• Data shown:
□ □ □ □

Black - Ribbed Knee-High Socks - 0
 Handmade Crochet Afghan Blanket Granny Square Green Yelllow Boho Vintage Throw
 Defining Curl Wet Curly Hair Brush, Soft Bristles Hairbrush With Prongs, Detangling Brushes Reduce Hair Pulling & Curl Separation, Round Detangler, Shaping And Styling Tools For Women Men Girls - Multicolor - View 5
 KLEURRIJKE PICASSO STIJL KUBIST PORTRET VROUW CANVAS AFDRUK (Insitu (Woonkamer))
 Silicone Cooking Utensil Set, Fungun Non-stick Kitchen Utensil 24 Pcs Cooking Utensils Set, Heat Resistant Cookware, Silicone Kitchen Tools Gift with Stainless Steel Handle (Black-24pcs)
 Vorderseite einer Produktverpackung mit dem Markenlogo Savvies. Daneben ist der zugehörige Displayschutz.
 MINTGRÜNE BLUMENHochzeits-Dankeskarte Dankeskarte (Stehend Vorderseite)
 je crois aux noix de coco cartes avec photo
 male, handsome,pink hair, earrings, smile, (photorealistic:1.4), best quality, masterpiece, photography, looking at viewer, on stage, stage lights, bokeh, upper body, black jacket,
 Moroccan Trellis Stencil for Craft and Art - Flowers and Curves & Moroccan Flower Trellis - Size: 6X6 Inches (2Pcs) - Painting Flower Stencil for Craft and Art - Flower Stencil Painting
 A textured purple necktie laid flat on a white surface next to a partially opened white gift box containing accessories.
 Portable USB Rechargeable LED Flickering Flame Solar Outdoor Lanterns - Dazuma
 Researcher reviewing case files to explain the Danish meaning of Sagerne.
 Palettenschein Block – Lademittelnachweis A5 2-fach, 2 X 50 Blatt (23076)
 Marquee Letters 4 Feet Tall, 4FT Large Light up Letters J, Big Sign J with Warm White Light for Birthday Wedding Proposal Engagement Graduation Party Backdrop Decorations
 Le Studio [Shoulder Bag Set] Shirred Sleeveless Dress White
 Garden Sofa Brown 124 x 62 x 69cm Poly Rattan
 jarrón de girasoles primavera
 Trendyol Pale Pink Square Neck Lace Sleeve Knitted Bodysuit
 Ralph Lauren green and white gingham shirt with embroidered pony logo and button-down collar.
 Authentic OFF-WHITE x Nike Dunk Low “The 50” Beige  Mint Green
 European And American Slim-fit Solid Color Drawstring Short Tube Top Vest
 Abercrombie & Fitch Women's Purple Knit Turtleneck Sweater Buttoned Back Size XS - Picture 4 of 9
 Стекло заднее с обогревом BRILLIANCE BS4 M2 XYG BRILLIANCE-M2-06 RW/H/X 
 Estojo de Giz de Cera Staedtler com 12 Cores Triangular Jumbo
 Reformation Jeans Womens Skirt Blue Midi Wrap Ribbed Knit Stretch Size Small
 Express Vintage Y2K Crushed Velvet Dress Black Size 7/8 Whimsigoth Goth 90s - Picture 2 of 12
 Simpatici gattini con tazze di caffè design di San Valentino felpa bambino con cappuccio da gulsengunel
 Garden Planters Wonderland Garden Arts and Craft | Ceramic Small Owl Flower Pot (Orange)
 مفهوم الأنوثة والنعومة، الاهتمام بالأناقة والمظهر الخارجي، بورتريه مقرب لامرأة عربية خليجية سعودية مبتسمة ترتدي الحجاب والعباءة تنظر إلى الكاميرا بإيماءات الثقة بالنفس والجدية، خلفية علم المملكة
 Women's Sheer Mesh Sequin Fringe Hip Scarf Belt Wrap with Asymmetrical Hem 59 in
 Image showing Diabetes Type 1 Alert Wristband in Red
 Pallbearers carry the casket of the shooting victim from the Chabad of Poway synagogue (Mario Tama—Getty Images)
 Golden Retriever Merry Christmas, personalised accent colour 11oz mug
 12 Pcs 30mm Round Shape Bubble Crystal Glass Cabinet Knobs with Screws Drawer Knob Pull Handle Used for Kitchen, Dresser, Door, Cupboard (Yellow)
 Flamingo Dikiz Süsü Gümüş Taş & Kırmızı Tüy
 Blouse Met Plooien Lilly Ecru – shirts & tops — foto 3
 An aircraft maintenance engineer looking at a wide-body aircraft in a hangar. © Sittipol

□ □ □ □

• Assignment: Output the listing above word for word, from the opening line through the line that contains "je crois aux noix de coco cartes avec photo", and leave out everything after it.

• Answer space:
Black - Ribbed Knee-High Socks - 0
 Handmade Crochet Afghan Blanket Granny Square Green Yelllow Boho Vintage Throw
 Defining Curl Wet Curly Hair Brush, Soft Bristles Hairbrush With Prongs, Detangling Brushes Reduce Hair Pulling & Curl Separation, Round Detangler, Shaping And Styling Tools For Women Men Girls - Multicolor - View 5
 KLEURRIJKE PICASSO STIJL KUBIST PORTRET VROUW CANVAS AFDRUK (Insitu (Woonkamer))
 Silicone Cooking Utensil Set, Fungun Non-stick Kitchen Utensil 24 Pcs Cooking Utensils Set, Heat Resistant Cookware, Silicone Kitchen Tools Gift with Stainless Steel Handle (Black-24pcs)
 Vorderseite einer Produktverpackung mit dem Markenlogo Savvies. Daneben ist der zugehörige Displayschutz.
 MINTGRÜNE BLUMENHochzeits-Dankeskarte Dankeskarte (Stehend Vorderseite)
 je crois aux noix de coco cartes avec photo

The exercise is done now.